((
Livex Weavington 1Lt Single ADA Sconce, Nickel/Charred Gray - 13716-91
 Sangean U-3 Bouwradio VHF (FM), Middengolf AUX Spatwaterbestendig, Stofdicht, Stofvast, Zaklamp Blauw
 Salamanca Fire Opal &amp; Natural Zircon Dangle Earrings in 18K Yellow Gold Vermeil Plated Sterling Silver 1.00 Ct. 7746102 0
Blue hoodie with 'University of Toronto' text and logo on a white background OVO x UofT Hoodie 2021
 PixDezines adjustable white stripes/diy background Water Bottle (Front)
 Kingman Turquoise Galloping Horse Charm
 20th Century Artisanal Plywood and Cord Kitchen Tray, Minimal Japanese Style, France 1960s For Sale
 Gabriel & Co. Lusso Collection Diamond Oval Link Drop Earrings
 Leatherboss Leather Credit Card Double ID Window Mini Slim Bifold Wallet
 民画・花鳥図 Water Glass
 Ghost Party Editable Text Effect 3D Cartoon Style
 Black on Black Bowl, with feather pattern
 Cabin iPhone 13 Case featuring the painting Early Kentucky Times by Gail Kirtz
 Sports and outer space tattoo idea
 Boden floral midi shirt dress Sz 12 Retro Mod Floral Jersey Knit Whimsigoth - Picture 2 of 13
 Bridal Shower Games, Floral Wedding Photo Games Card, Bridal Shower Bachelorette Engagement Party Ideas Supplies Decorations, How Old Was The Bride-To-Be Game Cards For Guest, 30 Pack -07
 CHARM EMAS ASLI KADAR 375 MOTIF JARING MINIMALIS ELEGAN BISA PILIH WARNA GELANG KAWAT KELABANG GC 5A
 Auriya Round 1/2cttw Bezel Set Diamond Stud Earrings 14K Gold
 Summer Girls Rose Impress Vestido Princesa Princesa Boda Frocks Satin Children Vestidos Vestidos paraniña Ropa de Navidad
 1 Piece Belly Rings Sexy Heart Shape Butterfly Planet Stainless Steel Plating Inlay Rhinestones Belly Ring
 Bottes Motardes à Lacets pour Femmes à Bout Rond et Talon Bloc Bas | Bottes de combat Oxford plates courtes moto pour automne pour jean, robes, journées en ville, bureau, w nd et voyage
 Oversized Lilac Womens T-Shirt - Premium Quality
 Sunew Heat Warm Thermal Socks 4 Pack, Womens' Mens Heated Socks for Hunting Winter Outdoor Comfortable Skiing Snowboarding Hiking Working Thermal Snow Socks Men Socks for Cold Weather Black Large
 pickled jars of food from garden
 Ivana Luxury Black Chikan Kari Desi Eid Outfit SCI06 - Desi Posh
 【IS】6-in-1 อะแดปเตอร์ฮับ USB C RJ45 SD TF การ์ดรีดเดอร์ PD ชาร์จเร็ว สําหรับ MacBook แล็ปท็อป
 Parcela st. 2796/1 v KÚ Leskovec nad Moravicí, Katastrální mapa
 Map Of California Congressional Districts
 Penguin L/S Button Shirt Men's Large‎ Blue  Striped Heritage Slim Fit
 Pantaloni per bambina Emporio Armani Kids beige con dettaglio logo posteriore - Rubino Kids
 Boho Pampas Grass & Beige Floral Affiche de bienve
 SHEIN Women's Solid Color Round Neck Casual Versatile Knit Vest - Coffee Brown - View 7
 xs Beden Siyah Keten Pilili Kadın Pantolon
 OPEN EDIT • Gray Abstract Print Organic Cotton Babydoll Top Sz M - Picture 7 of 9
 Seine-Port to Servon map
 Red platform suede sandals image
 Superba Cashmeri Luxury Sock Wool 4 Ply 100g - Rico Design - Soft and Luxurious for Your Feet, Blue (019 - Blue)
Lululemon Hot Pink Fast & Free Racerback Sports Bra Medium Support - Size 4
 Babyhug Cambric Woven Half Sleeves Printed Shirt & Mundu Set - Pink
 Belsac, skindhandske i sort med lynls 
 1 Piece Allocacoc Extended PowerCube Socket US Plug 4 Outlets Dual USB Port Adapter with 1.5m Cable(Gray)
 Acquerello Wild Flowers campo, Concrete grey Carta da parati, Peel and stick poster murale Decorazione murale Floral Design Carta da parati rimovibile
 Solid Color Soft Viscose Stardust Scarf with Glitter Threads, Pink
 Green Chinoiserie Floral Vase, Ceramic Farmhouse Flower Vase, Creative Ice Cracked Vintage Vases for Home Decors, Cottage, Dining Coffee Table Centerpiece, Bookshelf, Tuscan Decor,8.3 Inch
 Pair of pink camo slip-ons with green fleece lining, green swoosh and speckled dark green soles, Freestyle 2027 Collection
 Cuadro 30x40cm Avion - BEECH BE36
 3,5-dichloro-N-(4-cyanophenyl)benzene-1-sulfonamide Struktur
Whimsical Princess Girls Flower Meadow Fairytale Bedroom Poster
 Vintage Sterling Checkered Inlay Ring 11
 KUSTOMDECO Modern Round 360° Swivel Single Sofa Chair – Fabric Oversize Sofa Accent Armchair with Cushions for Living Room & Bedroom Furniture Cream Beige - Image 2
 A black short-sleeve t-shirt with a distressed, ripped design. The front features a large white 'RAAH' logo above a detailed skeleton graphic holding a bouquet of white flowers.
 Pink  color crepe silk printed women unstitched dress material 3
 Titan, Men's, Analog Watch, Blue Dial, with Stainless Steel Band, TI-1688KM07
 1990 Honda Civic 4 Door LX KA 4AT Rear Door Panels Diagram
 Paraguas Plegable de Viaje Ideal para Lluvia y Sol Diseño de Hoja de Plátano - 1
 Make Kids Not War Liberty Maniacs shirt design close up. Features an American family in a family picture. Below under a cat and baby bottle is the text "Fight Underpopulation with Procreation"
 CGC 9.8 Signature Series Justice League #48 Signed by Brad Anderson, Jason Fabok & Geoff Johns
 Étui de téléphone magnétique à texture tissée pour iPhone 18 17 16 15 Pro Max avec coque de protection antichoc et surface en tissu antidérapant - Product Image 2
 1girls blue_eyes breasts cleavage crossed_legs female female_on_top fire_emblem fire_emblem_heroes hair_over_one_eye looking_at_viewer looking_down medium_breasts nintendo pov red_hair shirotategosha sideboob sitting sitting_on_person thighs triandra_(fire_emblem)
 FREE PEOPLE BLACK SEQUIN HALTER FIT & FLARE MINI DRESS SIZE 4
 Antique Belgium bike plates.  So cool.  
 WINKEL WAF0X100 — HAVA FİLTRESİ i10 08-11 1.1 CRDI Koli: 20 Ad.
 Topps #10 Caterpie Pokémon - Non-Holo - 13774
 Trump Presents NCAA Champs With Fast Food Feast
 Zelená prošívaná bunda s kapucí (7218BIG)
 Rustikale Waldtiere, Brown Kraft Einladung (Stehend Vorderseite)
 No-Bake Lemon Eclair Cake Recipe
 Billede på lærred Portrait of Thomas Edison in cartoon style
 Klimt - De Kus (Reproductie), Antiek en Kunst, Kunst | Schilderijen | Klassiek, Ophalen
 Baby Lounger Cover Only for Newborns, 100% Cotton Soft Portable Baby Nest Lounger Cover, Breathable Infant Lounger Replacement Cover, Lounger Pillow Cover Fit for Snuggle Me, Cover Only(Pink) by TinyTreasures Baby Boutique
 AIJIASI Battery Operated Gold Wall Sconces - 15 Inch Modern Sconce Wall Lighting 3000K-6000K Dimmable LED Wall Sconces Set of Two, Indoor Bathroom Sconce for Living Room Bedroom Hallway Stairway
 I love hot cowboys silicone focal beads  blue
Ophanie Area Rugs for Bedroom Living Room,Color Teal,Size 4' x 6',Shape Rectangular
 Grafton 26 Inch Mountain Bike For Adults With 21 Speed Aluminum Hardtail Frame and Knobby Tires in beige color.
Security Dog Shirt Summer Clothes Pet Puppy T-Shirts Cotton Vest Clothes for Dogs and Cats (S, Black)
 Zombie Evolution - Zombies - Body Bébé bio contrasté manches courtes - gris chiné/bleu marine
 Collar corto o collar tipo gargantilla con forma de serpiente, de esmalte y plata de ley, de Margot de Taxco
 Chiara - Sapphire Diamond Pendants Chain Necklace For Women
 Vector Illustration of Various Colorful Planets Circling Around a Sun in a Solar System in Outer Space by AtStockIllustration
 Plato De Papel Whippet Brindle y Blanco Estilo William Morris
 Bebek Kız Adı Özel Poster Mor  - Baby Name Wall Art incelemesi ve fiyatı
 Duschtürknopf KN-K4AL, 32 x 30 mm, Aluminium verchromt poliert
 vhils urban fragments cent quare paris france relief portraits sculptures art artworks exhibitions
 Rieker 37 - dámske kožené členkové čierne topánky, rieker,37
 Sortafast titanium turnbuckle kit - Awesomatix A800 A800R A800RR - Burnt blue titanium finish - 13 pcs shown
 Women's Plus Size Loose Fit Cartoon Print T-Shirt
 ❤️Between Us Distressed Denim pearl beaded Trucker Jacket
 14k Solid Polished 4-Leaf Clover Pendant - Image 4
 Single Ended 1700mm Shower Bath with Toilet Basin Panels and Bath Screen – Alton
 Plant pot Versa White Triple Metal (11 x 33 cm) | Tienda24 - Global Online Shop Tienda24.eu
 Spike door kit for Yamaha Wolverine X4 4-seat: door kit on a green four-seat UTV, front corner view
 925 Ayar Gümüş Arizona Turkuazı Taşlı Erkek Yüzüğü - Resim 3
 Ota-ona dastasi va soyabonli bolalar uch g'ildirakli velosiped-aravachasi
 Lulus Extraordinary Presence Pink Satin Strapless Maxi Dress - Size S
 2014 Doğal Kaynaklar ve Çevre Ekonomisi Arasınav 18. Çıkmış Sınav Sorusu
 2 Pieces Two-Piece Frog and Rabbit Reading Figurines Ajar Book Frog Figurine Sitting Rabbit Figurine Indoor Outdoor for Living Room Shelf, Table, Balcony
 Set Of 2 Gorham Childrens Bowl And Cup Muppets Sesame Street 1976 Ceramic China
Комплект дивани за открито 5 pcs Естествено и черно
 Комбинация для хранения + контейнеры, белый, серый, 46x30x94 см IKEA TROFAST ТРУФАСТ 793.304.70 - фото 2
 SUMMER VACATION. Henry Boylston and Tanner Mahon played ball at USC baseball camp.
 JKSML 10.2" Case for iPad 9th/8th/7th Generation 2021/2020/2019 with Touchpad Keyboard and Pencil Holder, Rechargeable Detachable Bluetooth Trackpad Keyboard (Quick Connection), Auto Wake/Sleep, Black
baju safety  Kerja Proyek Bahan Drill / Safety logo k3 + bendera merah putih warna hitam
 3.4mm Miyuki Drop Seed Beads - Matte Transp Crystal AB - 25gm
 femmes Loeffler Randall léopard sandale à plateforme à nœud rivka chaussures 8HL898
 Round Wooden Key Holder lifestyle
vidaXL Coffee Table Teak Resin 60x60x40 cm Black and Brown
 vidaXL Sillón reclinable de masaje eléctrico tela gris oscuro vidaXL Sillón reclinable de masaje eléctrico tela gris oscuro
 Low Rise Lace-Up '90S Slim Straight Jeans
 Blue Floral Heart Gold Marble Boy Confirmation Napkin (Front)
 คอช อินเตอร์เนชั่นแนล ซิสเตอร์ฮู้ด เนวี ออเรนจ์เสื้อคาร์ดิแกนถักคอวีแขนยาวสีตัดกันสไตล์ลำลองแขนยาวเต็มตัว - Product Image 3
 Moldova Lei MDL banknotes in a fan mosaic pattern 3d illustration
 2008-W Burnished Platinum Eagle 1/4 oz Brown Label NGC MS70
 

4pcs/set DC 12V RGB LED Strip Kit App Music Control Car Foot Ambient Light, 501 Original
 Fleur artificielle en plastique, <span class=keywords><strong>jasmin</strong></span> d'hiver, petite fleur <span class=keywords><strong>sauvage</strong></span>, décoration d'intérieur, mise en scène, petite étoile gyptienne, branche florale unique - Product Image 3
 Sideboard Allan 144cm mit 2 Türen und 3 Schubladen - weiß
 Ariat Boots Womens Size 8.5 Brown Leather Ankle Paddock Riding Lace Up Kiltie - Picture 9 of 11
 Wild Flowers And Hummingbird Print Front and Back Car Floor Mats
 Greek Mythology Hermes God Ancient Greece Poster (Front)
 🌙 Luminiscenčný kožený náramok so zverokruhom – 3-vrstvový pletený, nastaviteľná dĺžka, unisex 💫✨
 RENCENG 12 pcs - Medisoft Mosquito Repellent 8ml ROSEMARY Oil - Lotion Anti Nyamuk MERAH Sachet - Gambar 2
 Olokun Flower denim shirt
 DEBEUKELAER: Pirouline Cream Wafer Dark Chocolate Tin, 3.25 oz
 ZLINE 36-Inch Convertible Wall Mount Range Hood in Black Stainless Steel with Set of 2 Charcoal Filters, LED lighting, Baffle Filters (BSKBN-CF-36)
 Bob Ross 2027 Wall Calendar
))
* Your objective:
A single number is the whole answer: the tally of lines in the entries that hold "Holder".

* Answer for the task:
2